Cheerleading. This American sport has a growing popularity in Australia. What was once side entertainment has moved on to take centre stage, with university cheerleading competitions being held annually. The university has seven competitive teams as well as a recreational team. Fancy a way to combine gymnastics, dance and team spirit? Bring it on.

Dancesport. If cheerleading it too mainstream for you, why not try Dancesport? At the club, you have a variety of dance styles to choose from, including but not limited to K-Pop, Latin, Hip-Hop and Ballroom. Impress your friends and family by breaking out into an impromptu dance at any moment.

Kendo. Kendo is an ancient Japanese martial art, its primary goal being to discipline the human character.
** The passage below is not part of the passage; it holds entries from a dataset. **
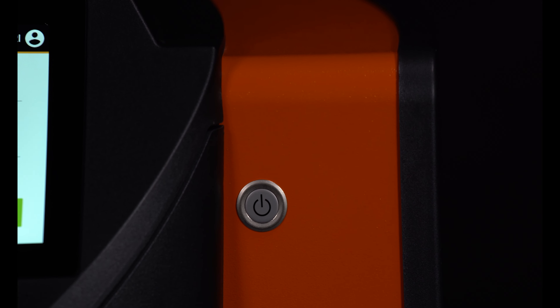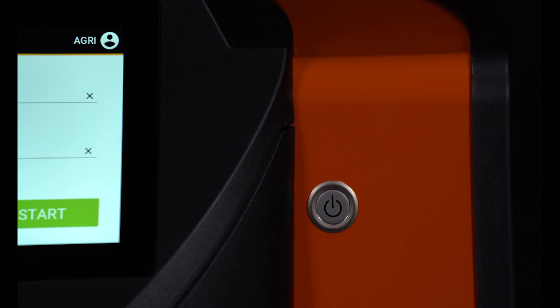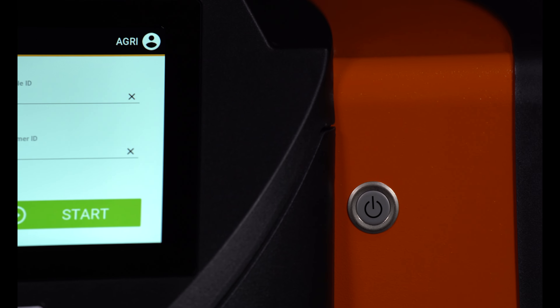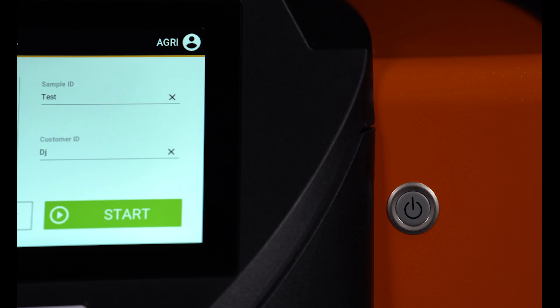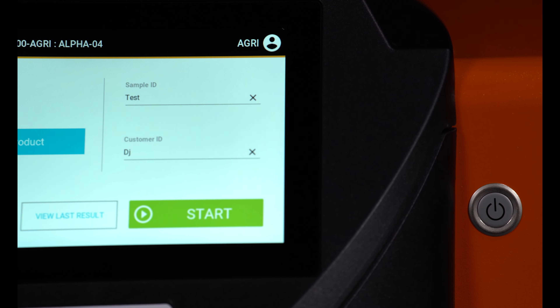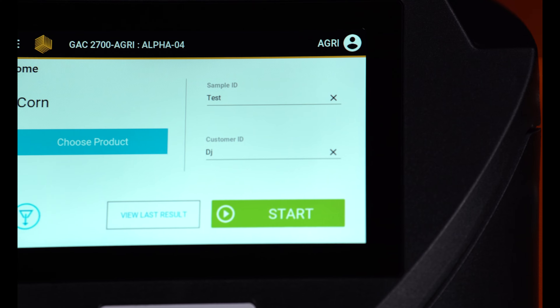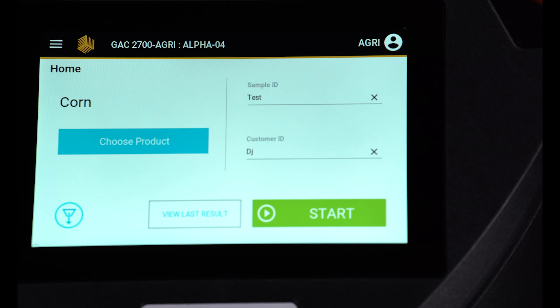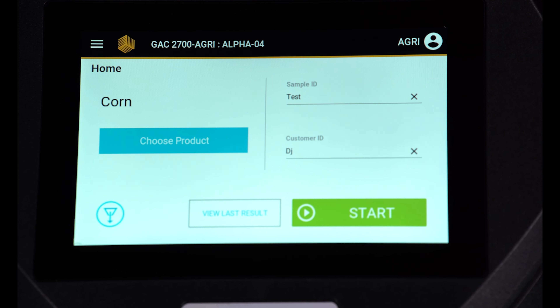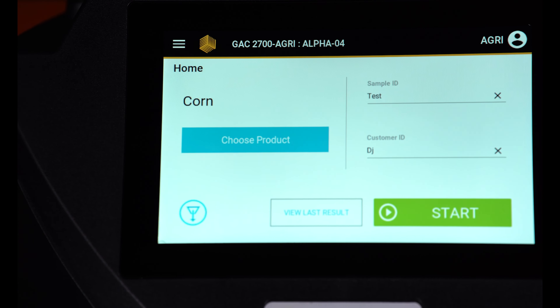This video will demonstrate how easy it is to test grain with our GAC 2700 AGRI grain moisture tester. The GAC 2700 AGRI is ready to begin grain analysis immediately upon power-up.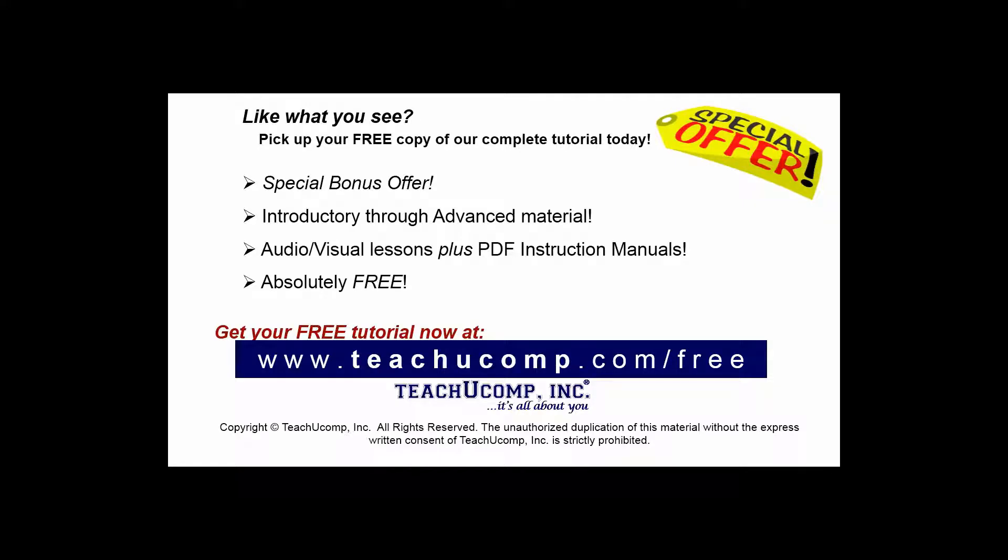Like what you see? Pick up your free copy of the complete tutorial at www.teachucomp.com/free.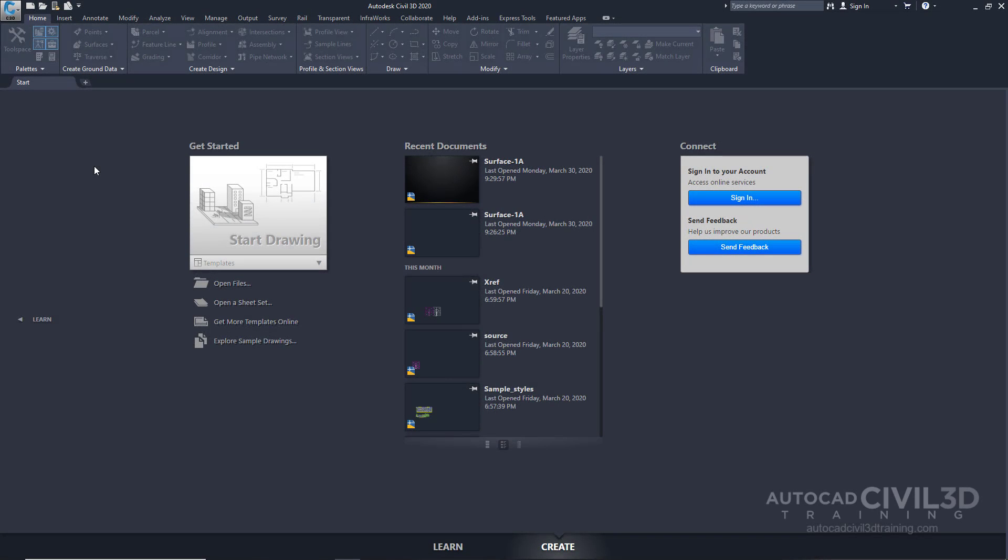In this video we're going to go through the process of creating a TIN surface in a brand new drawing.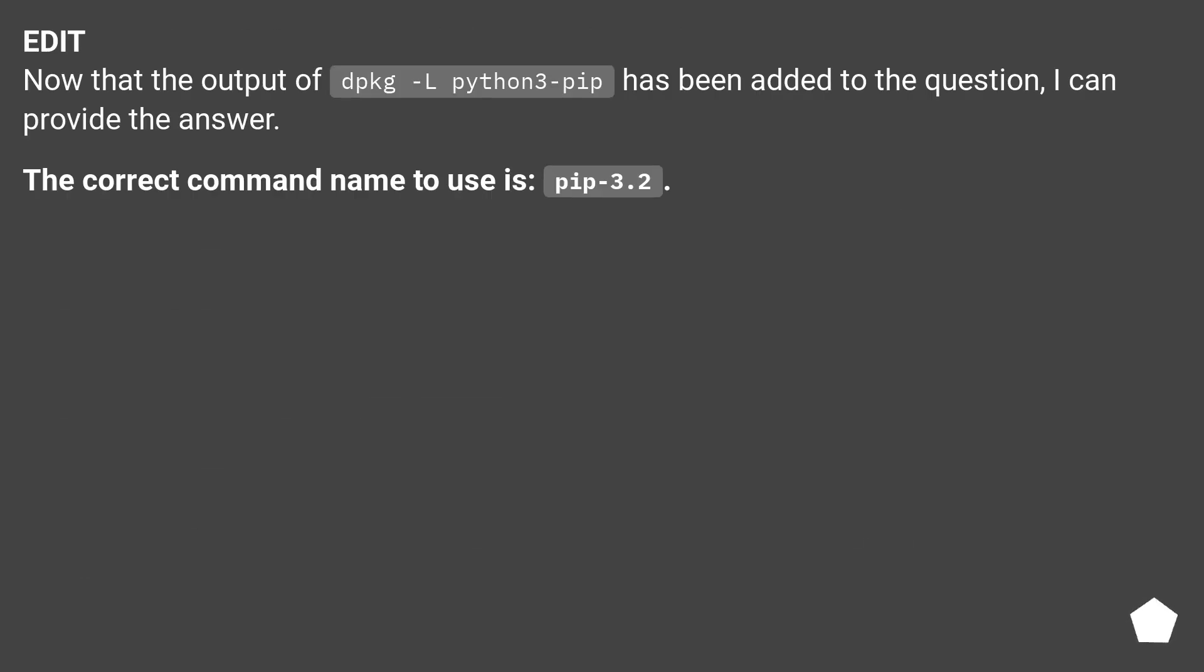Now that the output of dpkg python3-pip has been added to the question, I can provide the answer. The correct command name to use is pip3.2.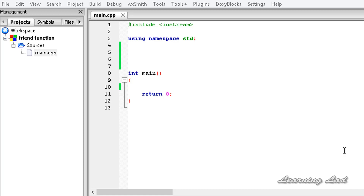Hi, this is Anil and welcome to the video tutorial for Learning Light on C++ programming. In this tutorial we are going to learn about friend functions in C++.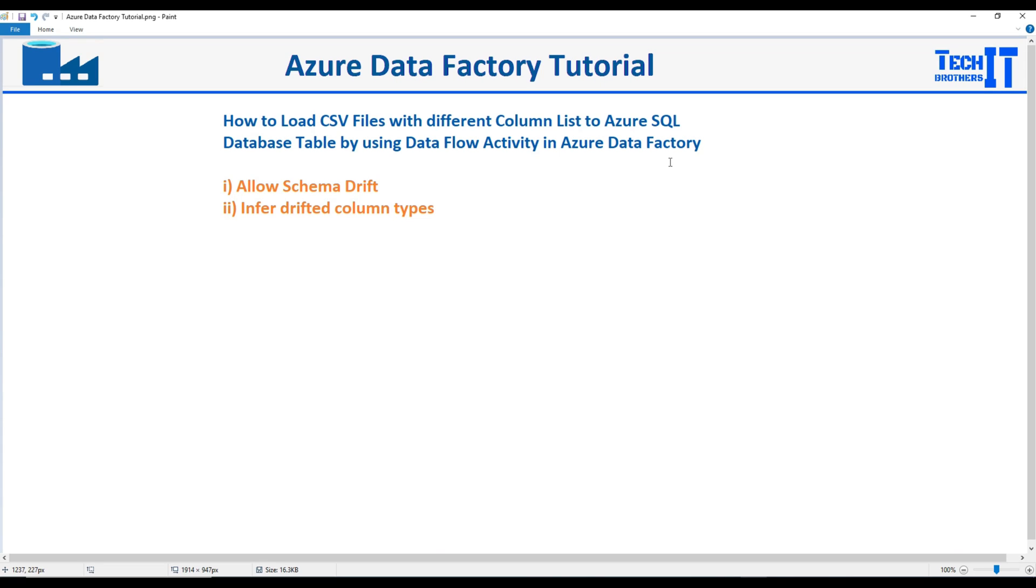Welcome to Tech Brothers with Dhamma. In this video we are going to learn how to load CSV files with different column lists to the Azure Data Table.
If the promise of self-betterment isn’t enough of a drawcard , bear in mind that practicing Kendo entails fighting people with bamboo swords whilst wearing a suit of armour,. That’s pretty damn cool.

Rowing. If you’ve always wanted to get into rowing but didn’t go to an elite school, this is your chance! The Melbourne University Boat Club, established in 1859, is the oldest rowing club in Australia. Despite counting many Olympians among its ranks, people of all rowing abilities are invited to join. And even if you have zero ability, fear not! You can be the coxswain, who sits in the boat and verbally steer and motivate the crew.

Waterskiing and wakeboarding. Waterskiing is like regular skiing but hurts less when you fall over. Wakeboarding involves being towed behind a boat. Due to the lack of a large body of water at the university, the Waterskiing and Wakeboarding Club offers trips to lakes and rivers to practice skiing. My uncle was president of this club in the ’70s, which gives me a weird affinity for it.